Entries provided section start

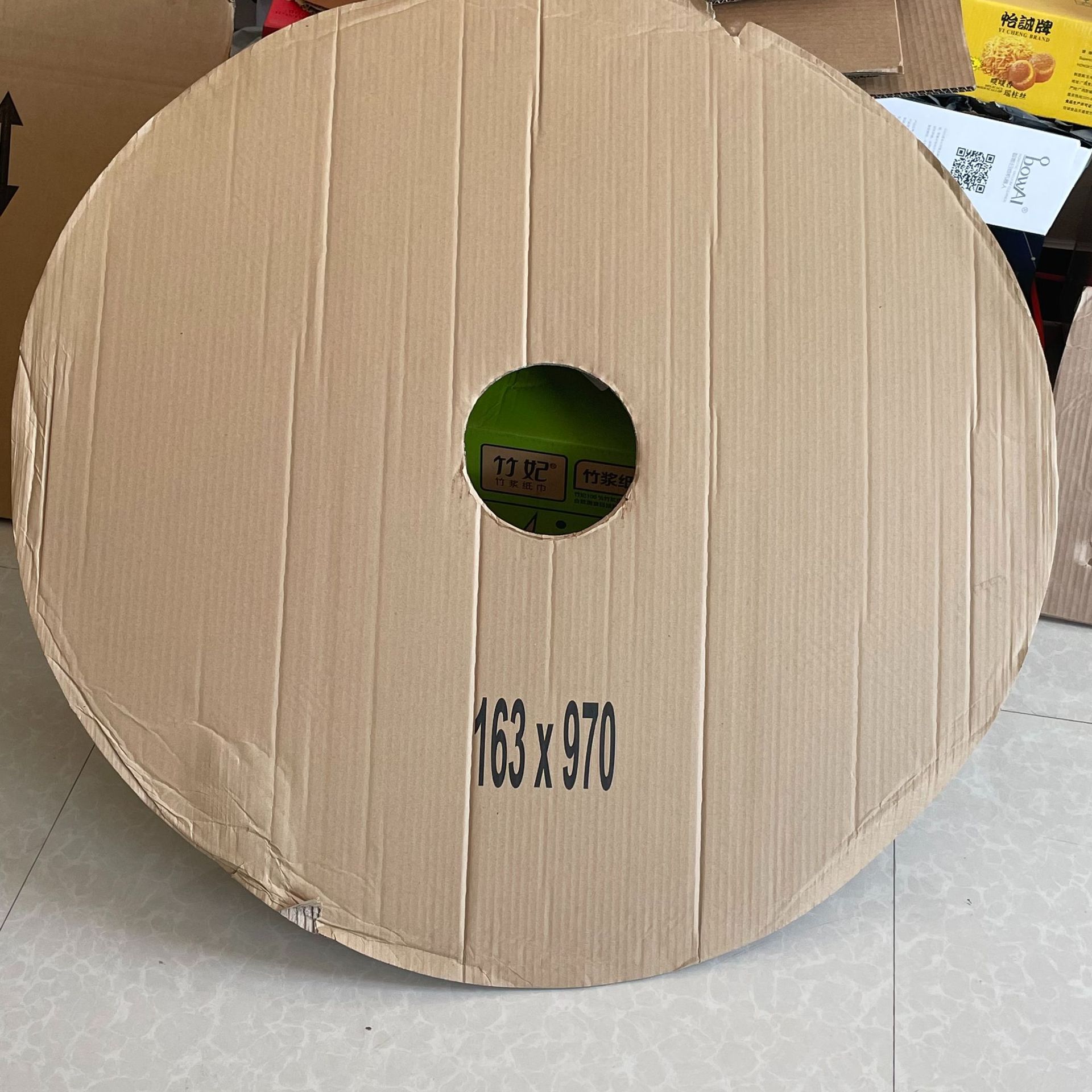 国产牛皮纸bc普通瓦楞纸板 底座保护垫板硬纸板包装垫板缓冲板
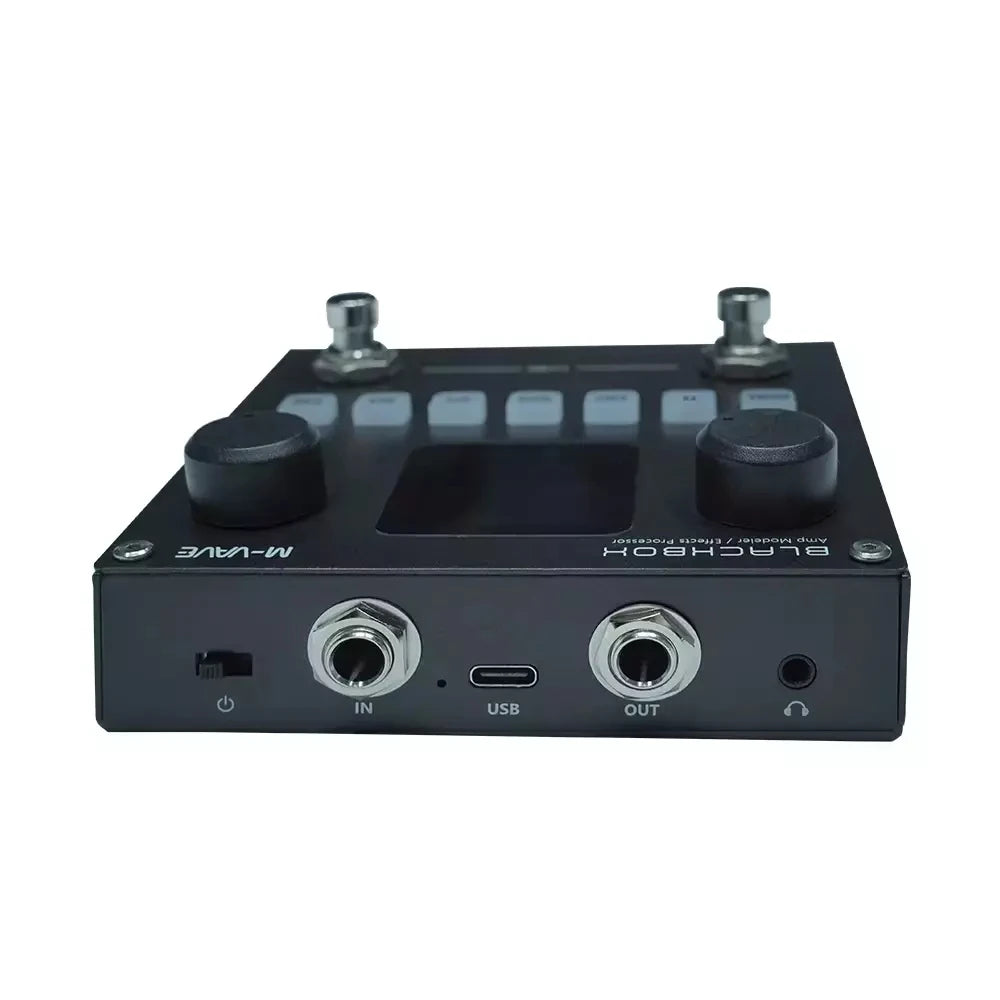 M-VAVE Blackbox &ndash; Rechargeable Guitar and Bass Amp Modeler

Entries provided section end
Entries provided section start

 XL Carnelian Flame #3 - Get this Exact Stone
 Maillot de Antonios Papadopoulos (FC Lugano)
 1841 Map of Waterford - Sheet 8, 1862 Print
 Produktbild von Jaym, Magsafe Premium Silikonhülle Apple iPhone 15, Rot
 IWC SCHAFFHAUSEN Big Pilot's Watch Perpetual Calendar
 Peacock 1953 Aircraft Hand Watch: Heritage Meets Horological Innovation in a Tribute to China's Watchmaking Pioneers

Entries provided section end

> _Work item_
Go through the entries above and copy each line holding the string "Watch".

> _Exercise answer_
 IWC SCHAFFHAUSEN Big Pilot's Watch Perpetual Calendar
 Peacock 1953 Aircraft Hand Watch: Heritage Meets Horological Innovation in a Tribute to China's Watchmaking Pioneers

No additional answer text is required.